Department of Psychology, New York University, New York, NY, USA.
Columbia University, 1190 Amsterdam Ave., New York, NY 10027, USA.
Soc Cogn Affect Neurosci. 2021 Aug 5;16(8):827-837. doi: 10.1093/scan/nsaa127.
Across multiple domains of social perception-including social categorization, emotion perception, impression formation and mentalizing-multivariate pattern analysis (MVPA) of functional magnetic resonance imaging (fMRI) data has permitted a more detailed understanding of how social information is processed and represented in the brain. As in other neuroimaging fields, the neuroscientific study of social perception initially relied on broad structure-function associations derived from univariate fMRI analysis to map neural regions involved in these processes. In this review, we trace the ways that social neuroscience studies using MVPA have built on these neuroanatomical associations to better characterize the computational relevance of different brain regions, and discuss how MVPA allows explicit tests of the correspondence between psychological models and the neural representation of social information. We also describe current and future advances in methodological approaches to multivariate fMRI data and their theoretical value for the neuroscience of social perception.
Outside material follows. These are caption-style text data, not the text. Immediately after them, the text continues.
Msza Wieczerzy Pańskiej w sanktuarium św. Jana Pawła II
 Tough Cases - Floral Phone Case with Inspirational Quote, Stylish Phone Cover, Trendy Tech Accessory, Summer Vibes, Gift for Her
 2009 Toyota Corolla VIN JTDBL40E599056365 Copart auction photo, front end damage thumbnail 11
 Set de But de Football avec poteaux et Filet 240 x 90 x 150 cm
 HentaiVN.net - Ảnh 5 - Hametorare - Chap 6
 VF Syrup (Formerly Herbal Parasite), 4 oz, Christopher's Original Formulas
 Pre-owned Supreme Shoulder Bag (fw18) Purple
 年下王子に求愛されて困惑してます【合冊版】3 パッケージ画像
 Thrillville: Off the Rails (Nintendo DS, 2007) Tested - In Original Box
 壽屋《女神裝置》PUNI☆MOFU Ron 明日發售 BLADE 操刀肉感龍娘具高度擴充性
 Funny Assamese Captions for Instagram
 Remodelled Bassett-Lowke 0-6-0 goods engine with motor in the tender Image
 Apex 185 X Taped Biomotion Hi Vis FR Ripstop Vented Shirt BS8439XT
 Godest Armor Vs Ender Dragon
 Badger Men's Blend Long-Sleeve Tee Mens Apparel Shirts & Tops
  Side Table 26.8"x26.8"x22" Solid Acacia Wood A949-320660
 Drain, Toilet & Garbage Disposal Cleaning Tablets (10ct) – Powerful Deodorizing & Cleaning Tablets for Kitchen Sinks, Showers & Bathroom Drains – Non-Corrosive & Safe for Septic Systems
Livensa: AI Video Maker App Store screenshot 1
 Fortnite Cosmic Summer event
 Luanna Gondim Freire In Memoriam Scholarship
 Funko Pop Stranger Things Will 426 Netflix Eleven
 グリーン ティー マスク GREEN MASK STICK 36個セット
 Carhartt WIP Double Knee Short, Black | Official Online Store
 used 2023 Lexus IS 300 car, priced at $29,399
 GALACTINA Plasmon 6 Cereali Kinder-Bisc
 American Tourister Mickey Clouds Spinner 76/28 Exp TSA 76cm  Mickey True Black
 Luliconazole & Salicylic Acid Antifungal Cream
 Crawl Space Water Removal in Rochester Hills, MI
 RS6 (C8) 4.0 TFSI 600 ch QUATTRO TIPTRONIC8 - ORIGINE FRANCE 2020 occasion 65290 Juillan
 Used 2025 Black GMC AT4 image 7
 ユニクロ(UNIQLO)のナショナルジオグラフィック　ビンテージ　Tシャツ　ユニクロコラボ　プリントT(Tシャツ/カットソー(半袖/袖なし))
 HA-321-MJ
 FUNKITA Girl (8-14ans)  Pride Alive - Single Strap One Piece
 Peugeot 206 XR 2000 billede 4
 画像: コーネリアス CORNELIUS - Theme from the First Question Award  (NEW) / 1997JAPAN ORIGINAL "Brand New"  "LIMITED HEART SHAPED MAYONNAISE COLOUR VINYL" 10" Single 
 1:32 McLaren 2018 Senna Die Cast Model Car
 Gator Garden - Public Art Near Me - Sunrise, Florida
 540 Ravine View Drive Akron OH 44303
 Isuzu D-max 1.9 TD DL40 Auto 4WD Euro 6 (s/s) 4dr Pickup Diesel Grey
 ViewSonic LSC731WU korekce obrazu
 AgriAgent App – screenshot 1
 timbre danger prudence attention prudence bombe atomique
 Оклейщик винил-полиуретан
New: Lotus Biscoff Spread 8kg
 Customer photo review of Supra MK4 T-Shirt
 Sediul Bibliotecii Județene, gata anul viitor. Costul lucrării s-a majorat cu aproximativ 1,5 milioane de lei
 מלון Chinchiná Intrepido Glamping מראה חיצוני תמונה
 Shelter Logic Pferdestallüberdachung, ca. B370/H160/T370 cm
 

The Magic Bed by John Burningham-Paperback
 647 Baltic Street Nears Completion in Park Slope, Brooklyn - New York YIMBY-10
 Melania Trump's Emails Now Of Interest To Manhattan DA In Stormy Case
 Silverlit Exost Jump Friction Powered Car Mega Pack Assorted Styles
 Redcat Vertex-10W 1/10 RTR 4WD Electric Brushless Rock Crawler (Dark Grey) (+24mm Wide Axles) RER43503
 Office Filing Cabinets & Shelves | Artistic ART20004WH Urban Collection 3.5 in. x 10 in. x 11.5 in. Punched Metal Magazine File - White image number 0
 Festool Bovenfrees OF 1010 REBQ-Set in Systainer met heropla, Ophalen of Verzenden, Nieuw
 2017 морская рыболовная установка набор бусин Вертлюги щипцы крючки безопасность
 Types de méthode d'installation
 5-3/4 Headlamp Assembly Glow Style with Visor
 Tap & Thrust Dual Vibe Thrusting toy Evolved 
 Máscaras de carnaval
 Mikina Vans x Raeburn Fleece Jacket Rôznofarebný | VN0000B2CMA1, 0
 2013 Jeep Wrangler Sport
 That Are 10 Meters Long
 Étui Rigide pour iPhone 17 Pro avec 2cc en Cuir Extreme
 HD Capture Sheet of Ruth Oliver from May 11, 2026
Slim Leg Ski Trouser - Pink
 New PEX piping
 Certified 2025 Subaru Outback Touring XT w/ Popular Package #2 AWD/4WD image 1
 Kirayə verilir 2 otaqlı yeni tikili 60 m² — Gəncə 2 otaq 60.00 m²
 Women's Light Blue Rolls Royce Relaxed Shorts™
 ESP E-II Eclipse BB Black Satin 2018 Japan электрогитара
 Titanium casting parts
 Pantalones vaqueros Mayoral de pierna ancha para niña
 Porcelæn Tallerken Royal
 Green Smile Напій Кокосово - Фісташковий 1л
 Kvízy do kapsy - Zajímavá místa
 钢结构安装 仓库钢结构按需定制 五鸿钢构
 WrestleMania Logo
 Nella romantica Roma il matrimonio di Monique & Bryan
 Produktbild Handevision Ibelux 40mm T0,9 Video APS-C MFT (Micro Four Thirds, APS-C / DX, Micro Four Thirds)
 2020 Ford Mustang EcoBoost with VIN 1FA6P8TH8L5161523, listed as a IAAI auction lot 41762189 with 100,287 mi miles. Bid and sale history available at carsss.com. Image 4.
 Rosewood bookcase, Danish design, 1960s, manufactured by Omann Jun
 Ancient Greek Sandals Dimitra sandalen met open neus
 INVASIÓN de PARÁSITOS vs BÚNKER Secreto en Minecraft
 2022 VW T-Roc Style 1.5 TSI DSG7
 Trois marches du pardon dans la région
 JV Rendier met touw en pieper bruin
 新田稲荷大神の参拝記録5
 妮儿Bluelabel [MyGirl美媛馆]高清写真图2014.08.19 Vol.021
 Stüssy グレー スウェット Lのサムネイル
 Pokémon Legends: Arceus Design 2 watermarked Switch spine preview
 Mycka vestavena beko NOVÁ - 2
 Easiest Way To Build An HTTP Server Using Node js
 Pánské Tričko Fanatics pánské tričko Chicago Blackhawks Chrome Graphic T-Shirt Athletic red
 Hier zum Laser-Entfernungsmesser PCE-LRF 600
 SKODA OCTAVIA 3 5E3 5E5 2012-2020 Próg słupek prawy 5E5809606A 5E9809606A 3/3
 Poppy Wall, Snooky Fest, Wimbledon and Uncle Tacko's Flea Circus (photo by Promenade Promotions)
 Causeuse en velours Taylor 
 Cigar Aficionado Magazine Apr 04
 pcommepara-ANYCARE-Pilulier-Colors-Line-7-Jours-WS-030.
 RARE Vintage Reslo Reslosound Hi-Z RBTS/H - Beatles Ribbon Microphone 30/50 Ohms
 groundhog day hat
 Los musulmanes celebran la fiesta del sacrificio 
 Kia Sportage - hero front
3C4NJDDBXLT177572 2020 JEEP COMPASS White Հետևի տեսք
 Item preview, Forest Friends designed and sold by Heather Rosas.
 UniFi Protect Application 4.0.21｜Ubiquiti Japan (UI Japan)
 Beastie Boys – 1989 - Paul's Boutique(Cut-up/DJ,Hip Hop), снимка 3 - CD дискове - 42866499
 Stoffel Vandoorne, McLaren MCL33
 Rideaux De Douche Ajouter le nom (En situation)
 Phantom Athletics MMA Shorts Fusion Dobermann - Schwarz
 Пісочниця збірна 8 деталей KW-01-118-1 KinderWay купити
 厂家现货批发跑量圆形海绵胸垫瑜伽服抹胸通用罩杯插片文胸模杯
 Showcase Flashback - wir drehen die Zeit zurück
跨多个社会感知领域——包括社会分类、情绪感知、印象形成和心理理论——功能磁共振成像 (fMRI) 数据的多元模式分析 (MVPA) 允许更详细地了解大脑中如何处理和表示社会信息。与其他神经影像学领域一样,社会感知的神经科学研究最初依赖于从单变量 fMRI 分析中得出的广泛的结构-功能关联,以绘制涉及这些过程的神经区域图。在这篇综述中,我们追溯了使用 MVPA 的社会神经科学研究如何建立在这些神经解剖关联的基础上,以更好地描述不同大脑区域的计算相关性,并讨论 MVPA 如何允许对心理模型与社会信息的神经表示之间的对应关系进行明确测试。我们还描述了多元 fMRI 数据的方法学方法的当前和未来进展及其对社会感知神经科学的理论价值。